Reviewer Roger Wayne Eberle

The music of the Beatles remains influential, original and dynamic even today after four decades since their breakup. Perhaps the closest you’ll ever get to reliving a little of the intense excitement that surrounded this popular musical group is a good tribute band. Revolver is far and away one of the best Beatles tribute bands currently performing.

Revolver is comprised of Michael Sicoly, who performs as Paul McArtney; Mick Dalla-Vee, who takes the stage as John Lennon; Skip Prest, who riffs on as George Harrison; and Rocket Norton, keeping the beat as Ringo Starr. These seasoned veterans in the music industry have been performing professionally since the sixties and seventies, and each has an impressive musical CV. But together they do an incredibly impressive job of transforming themselves into the Fab Four from Liverpool.

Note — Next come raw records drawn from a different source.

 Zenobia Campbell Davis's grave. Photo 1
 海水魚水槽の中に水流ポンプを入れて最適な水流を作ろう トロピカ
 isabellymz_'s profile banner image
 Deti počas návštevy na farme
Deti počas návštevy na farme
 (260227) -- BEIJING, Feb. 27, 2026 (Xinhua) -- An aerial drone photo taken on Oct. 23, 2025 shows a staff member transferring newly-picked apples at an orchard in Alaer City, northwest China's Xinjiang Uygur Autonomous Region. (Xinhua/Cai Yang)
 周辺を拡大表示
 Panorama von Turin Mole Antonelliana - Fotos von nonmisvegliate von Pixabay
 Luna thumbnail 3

Starting with early albums like Please Please Me, Revolver work their way through the sixties songs and protest songs, such as Revolution, psychedelic tunes like Lucy in the Sky with Diamonds, and John Lennon’s famous Ballad of John and Yoko right up to A Day in the Life, Hey Jude, and that famous opening song from Abbey Road, Come Together.

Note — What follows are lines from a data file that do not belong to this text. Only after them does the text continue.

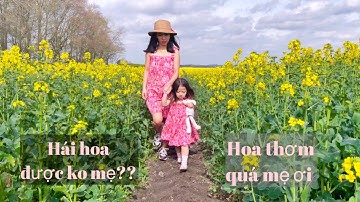 Thôn Quê Nước Anh | Mùa Hoa Cải Vàng | Rapeflower | Cuộc Sống Anh Quốc #101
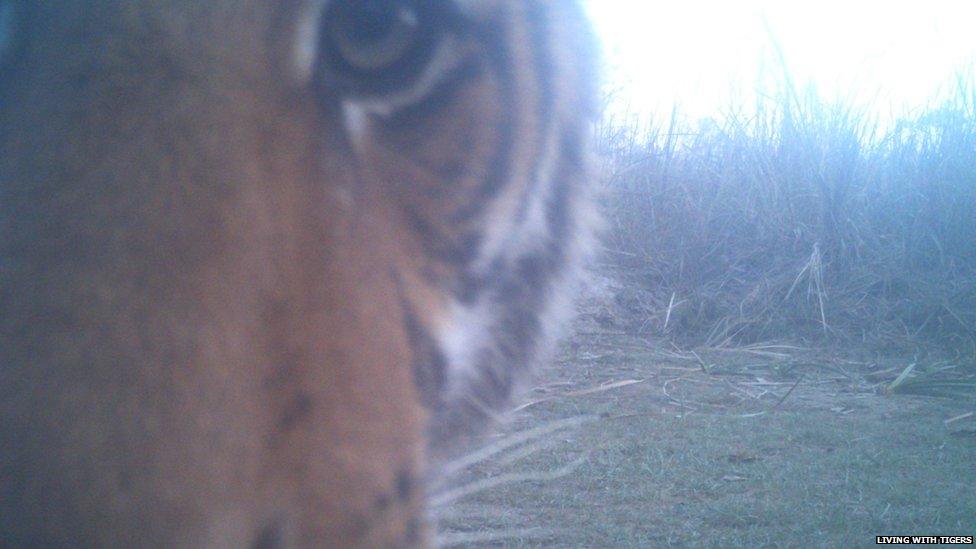 Bengal tiger spotted on a camera trap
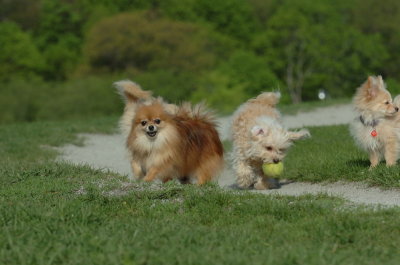 May12_07_483.JPG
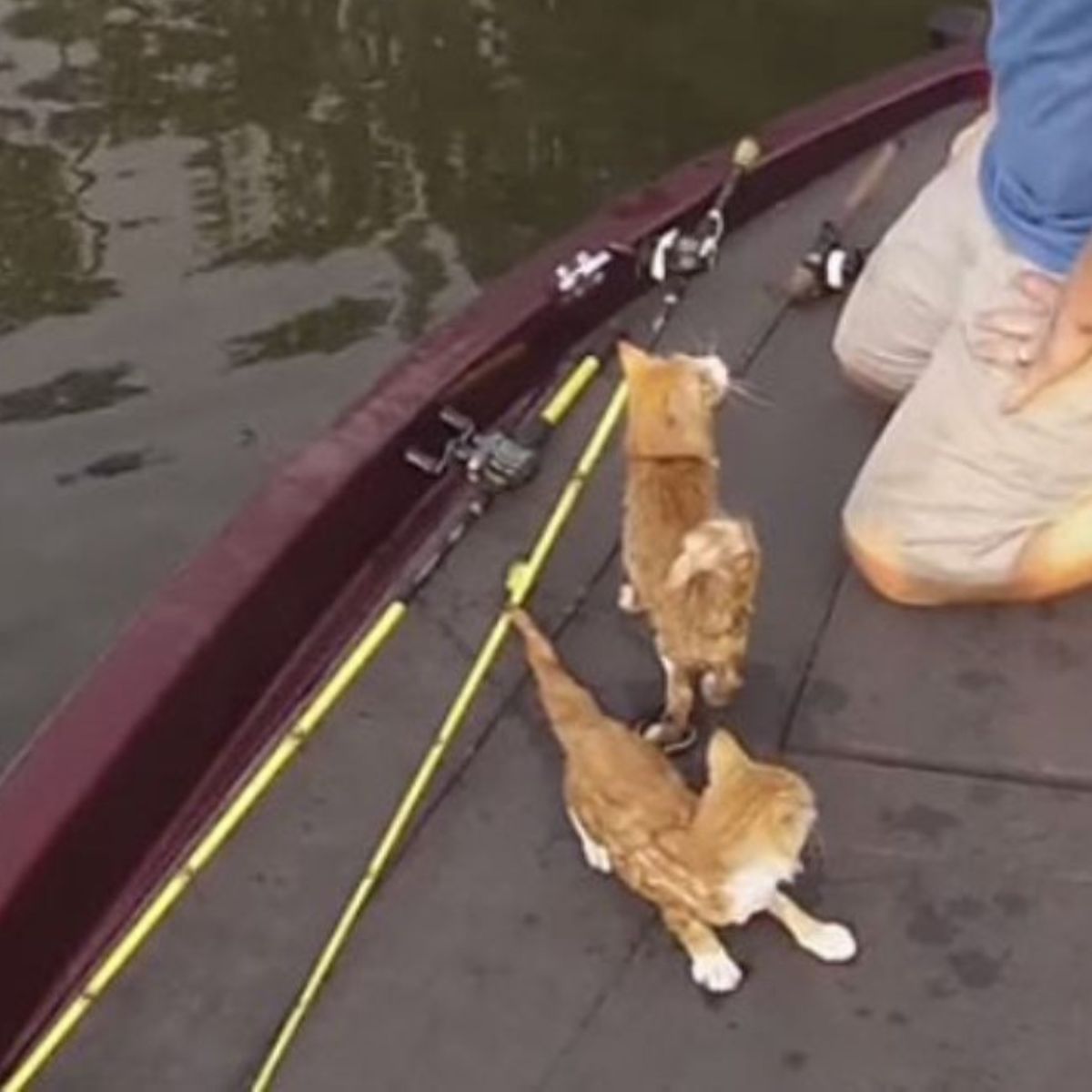 two scared cats on boat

Revolver has got the chops and the energy and the commitment to please the audience by pulling off huge Beatles sights and sounds. They also provide historical information about the Beatles that is augmented by a movie theatre sized screen of images from the era in which this band came to such widespread public acclaim.

They know how to have fun with the crowd, too. During the Sergeant Pepper segment, Skip’s colourful orange pants fell down around his ankles, but he kept picking his lead guitar as if nothing had happened, until the end of the song (he did have jeans on underneath). At this point, Michael pipes up and says, “We usually have to wait for George to change his guitar, but now…” You just never know when a wardrobe malfunction is going to throw a curve ball your way.

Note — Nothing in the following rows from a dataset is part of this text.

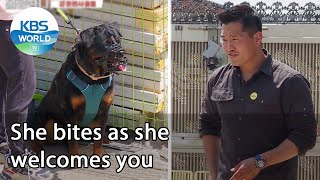 She bites as she welcomes you (Dogs are incredible) | KBS WORLD TV 210616
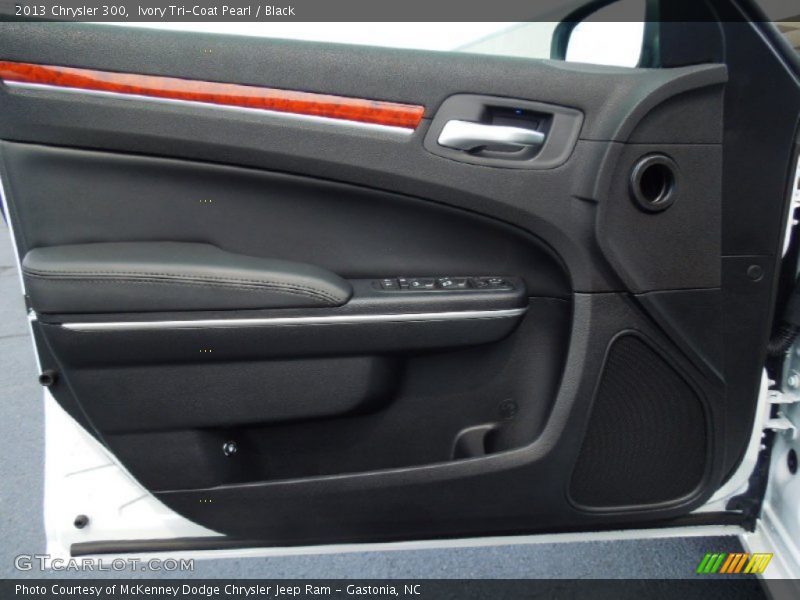 Door Panel of 2013 300 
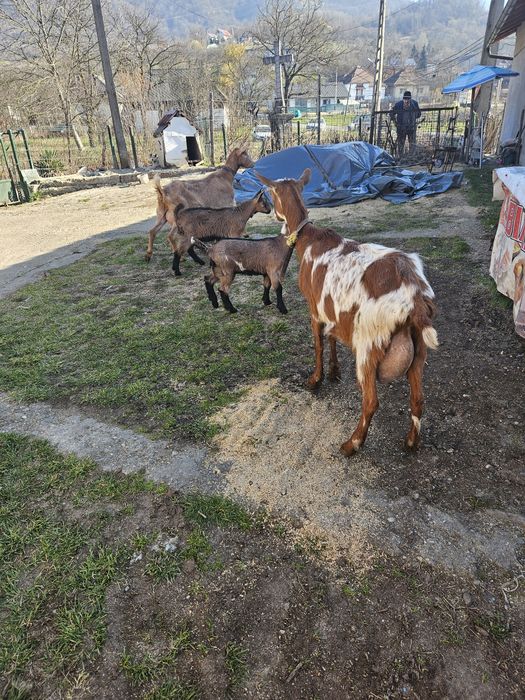 Capre de lapte metis alpina franceza cu saanen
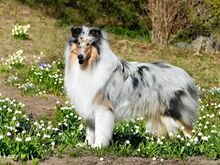 Collie pikakarvalised kutsikad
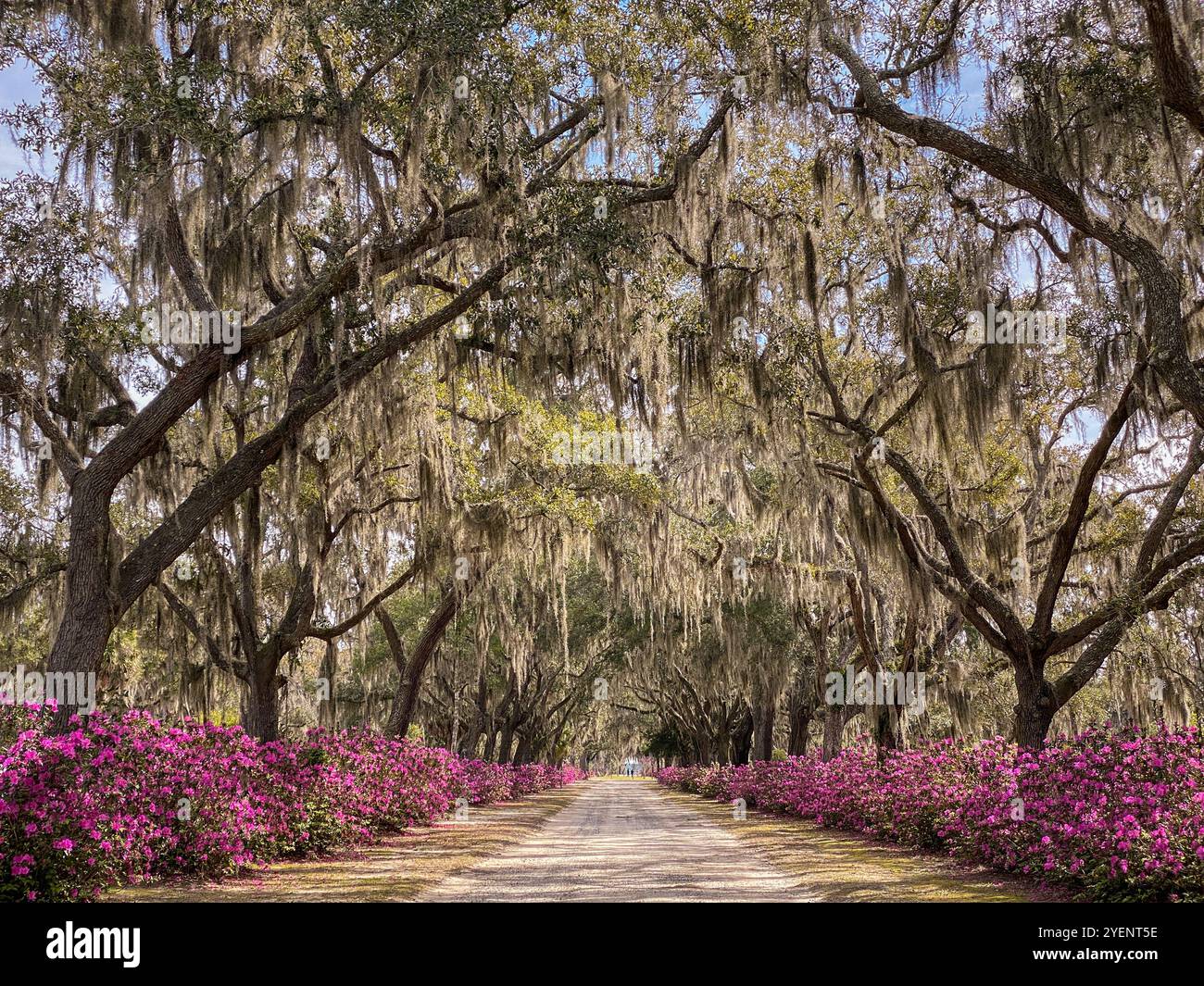 Avenue of Oaks and Azaleas, Bonaventure Cemetery, Savannah, Georgia, USA Stock Photo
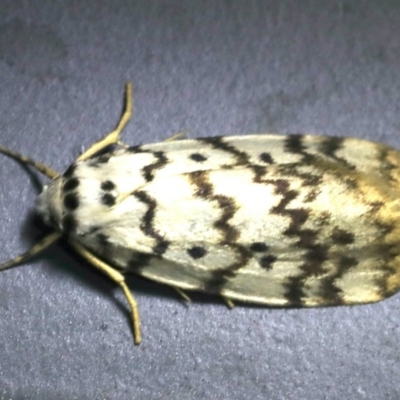 Hectobrocha pentacyma (Five-banded Footman) at Mollymook Beach, NSW - 21 Mar 2020 by jb2602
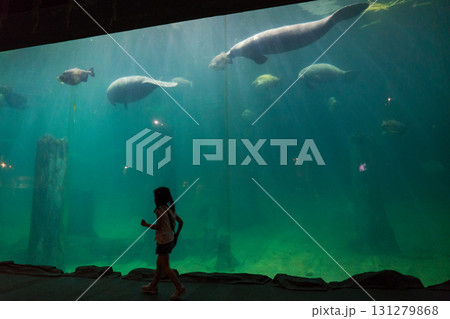 リバーワンダーのAmazon Flooded Forest 131279868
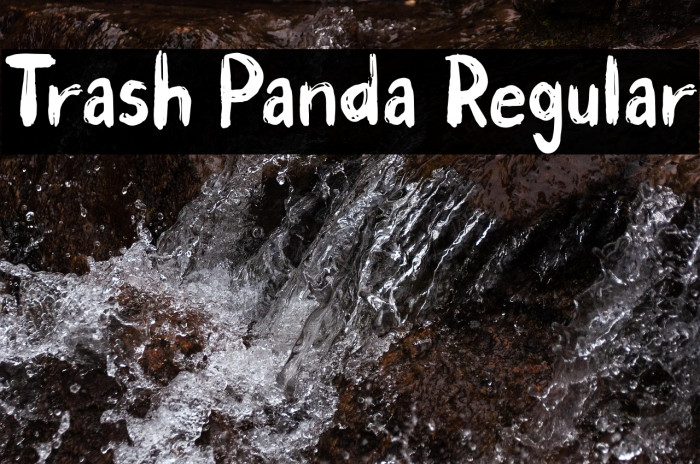 Trash Panda Regular Example 2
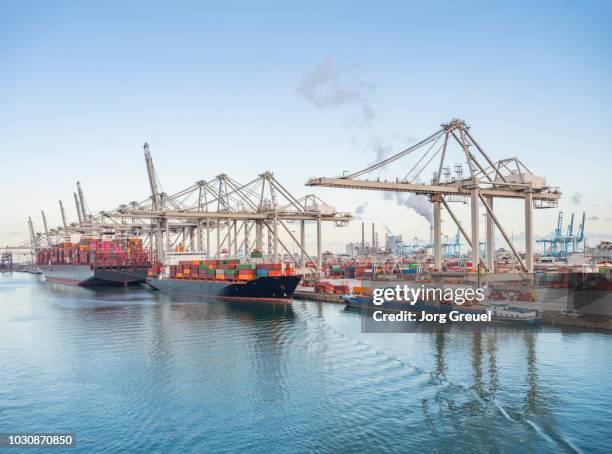 container port - rotterdam harbour stock pictures, royalty-free photos & images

Saturday night’s performance was very well received by the audience. Many sang along, most clapped energetically, and there were more than a few raucous fans, shouting out enthusiastic praise.

Aside from a few younger patrons who also seemed to be enjoying the show, most of the audience looked like they could have been around during the Beatle’s heyday. In fact, I spoke with one woman who said she had been on hand for when the Beatles came to Vancouver. By all accounts, Revolver is an excellent substitute for the real thing, providing some bittersweet nostalgia for those of us on the upper side of fifty, looking back fondly on a group whose musical discography has become the soundtrack for a generation. If you ever get a hankering to recapture some of the memories, Revolver is just the ticket.